* [What this task involves]:
Set the data down again, exactly as it reads, but without the pictures.

* [Collected material]:
-- Opening Marker --

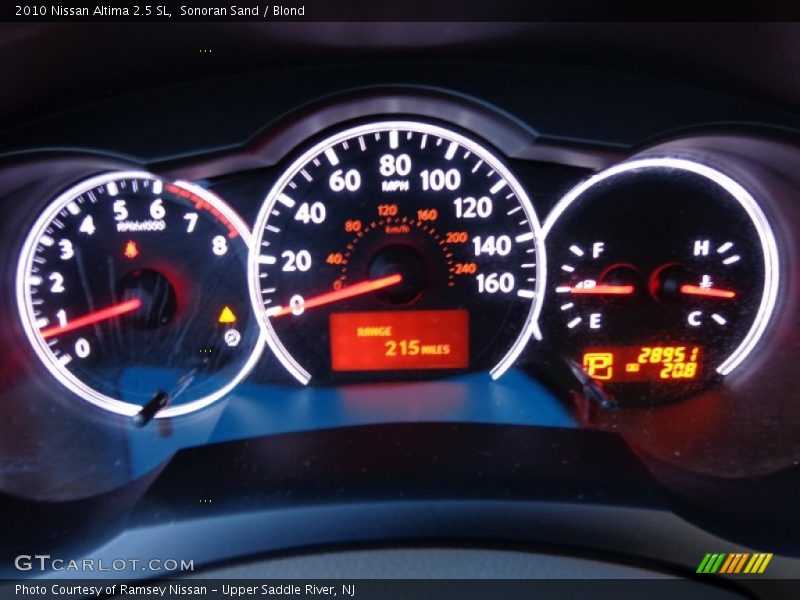 Sonoran Sand / Blond 2010 Nissan Altima 2.5 SL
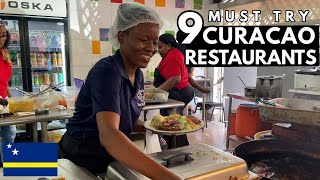 THE FOOD to try in Curacao  Top pick restaurants in Curacao [upl. by Pederson]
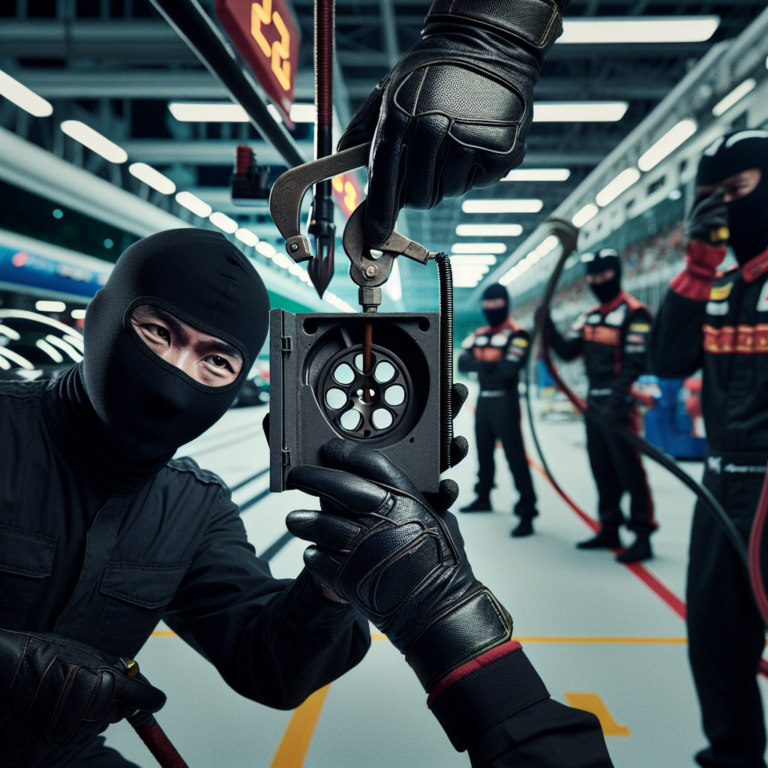 Joe Gibbs Racing Lets Slip Surprising Yet Unknown Uses of Most Used Pit Tool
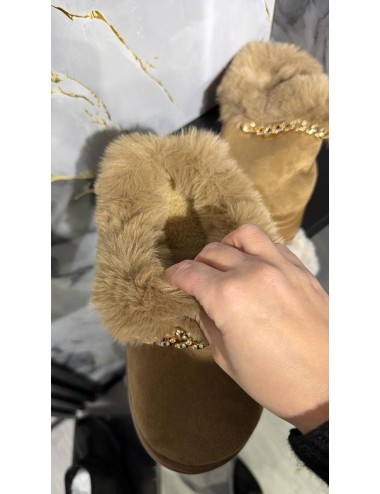 Ciabatte con pelliccia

-- Closing Marker --

* [Answer for this exercise]:
 Sonoran Sand / Blond 2010 Nissan Altima 2.5 SL
 THE FOOD to try in Curacao  Top pick restaurants in Curacao [upl. by Pederson]
 Joe Gibbs Racing Lets Slip Surprising Yet Unknown Uses of Most Used Pit Tool
 Ciabatte con pelliccia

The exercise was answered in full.